This is where data science gets exciting. It’s a creative process.
Ask right Questions
It is important to ask right questions. They usually comes
from the management/ or other colleagues, who may
already have suspicions based on their experience.
Do Qualitative research
It’s important to understand the things concerning
business and its customers in detail. This can be achieved
through qualitative research, which in turn gives direction
to the useful investigations through data.
27. Three Major Business Applications
Business Analytics
It answers the questions of “what has happened in the
past?” and “where are we now?”
E.g. reporting, measuring retention, finding the right user
segments, funnel analysis, etc.
Predictive Analytics
It answers the question, “what will happen in the future?”
E.g. early warning, predicting the marketing budget you will
need in the next quarter, etc.
Data (Based) Product
A product that is built, and works using your data.
E.g. recommendation systems, image recognition, voice
recognition, etc.
28. SafetiPin is a map-based mobile phone application, which
leverages the power of big data to make our communities
and cities safer for women.
It provides safety-related information collected through
crowdsourcing.
The app captures data on 9 parameters (Lighting,
openness, visibility, people density, security in the area,
walk path, transportation, gender diversity, feeling in the
area), and uses it to compute and provide safety score, the
information on personal vulnerability to crime, in every
pocket of the city.
App utilizes this score ang integrates with big data sources
such as Google map to recommends Safest Route to
provide the best possible route in terms of safety.
29. Data Communication
This is the step where most data science projects fail.

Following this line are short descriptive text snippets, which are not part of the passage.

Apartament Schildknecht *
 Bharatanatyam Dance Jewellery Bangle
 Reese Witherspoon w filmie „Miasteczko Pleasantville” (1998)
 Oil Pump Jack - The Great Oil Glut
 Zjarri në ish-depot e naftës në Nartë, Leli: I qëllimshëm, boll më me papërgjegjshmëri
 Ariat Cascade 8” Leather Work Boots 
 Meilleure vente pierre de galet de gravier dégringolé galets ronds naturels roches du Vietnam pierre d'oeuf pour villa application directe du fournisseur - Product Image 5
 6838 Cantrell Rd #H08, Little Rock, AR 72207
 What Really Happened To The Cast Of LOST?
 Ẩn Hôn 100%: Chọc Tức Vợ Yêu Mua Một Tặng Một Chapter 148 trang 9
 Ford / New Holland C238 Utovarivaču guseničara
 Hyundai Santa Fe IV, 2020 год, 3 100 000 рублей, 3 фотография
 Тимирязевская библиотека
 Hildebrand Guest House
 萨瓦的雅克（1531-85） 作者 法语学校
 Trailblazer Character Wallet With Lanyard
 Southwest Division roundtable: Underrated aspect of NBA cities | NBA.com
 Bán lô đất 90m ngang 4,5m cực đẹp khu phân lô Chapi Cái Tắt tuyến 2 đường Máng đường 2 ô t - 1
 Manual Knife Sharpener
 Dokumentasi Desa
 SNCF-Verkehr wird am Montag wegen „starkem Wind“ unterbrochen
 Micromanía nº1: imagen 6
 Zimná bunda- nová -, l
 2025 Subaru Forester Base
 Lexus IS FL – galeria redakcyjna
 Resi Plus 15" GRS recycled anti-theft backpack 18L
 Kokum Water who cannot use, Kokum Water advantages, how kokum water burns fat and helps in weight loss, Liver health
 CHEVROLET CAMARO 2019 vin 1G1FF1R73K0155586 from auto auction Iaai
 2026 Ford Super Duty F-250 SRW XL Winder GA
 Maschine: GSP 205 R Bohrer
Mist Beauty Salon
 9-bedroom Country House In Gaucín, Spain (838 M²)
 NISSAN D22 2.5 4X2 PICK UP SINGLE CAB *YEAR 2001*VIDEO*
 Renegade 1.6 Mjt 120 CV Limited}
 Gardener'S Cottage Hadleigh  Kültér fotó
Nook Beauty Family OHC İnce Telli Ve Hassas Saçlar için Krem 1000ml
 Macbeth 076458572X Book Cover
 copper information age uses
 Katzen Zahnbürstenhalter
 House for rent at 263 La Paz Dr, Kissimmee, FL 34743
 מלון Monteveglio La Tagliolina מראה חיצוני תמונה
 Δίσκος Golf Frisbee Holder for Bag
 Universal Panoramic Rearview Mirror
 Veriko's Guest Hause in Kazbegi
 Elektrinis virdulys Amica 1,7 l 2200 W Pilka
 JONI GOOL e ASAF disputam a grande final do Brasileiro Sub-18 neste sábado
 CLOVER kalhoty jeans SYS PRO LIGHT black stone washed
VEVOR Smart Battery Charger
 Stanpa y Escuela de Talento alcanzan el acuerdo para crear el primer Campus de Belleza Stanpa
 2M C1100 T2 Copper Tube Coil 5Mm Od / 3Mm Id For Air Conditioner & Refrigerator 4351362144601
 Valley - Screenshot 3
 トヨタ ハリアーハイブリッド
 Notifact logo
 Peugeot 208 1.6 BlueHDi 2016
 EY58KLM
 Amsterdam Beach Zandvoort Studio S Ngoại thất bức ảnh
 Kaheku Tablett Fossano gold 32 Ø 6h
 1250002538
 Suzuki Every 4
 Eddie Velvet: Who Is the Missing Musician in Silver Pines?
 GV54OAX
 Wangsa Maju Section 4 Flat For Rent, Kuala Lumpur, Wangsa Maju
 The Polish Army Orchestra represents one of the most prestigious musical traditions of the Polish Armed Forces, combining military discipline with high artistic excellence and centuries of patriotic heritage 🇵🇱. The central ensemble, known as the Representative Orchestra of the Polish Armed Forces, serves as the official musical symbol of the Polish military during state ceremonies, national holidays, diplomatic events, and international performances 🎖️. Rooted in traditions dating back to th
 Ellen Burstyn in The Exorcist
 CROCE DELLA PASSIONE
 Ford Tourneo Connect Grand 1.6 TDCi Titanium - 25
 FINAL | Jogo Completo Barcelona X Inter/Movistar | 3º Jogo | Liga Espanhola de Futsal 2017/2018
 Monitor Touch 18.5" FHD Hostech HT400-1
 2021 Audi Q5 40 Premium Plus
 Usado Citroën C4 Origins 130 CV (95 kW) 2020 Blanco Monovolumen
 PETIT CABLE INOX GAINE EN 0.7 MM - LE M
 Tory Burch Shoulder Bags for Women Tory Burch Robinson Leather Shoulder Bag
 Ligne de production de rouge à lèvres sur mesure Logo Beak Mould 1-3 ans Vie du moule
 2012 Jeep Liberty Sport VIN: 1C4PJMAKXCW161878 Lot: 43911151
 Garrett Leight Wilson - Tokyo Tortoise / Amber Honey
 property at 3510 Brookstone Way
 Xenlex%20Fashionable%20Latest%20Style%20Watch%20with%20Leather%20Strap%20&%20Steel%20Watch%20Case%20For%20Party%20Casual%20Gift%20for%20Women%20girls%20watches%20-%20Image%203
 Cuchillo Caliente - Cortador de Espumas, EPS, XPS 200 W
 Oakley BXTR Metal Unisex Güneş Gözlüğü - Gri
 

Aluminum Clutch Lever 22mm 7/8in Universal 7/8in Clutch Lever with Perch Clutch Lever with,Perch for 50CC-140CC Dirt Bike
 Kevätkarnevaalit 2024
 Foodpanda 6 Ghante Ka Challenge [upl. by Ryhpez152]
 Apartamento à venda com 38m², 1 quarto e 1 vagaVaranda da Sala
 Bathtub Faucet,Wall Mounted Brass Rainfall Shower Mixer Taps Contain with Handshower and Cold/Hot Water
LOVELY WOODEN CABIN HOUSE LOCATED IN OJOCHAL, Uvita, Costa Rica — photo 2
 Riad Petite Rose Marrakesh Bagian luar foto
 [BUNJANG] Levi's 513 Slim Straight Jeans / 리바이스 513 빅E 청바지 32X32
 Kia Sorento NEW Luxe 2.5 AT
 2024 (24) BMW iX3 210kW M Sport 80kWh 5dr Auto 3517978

To reap the benefits of Data Science, effective
communication of the findings is crucial.
It is necessary to build a culture where people can
communicate and use data. For this, everyone at your
company needs to be involved.
Business people should also educate data scientists by
helping them to create and deliver better presentations.
Communication should be as simple as it can be.
No fancy scientific words
No complicated charts
30. What People you need in your Team?
You data science team should feature
Best Data Engineers,
Best software developers, and
Best statisticians
They need to have domain knowledge to know the actual
business application of their data projects.
31. Data Science Roles: Data Engineer
The data engineer is someone who develops, constructs,
tests and maintains data architectures, such as
databases, data warehouses, data lakes and large-scale
processing systems.
Data engineers manage data of all sizes, and types. They
develop, deploy, manage, and optimize data pipelines
and infrastructure to transform and transfer data to data
scientists for querying.
Skills needed: SQL, Data bases, Data warehousing,
ETL, Big data tools, Building API’s
32. Data Science Roles: Data Analyst
Data analysts perform the following tasks
Data wrangling
Create Data visualizations and Dash boards
Analyze data to discover and interesting trends in the data
Presenting the results of analysis to business clients or
internal teams
Help other stakeholders to optimize their data utilization
Skills needed: Programming skills (SAS, R, Python),
statistical and mathematical skills, data wrangling, data
visualization tools like tableau/ Power BI
33. Data Science Roles: Data Scientist
A data scientist is a specialist having expertise in
Statistics and developing models, including predictive
models and machine learning models.
Data scientists can tackle more open-ended questions
by leveraging their knowledge of advanced statistics.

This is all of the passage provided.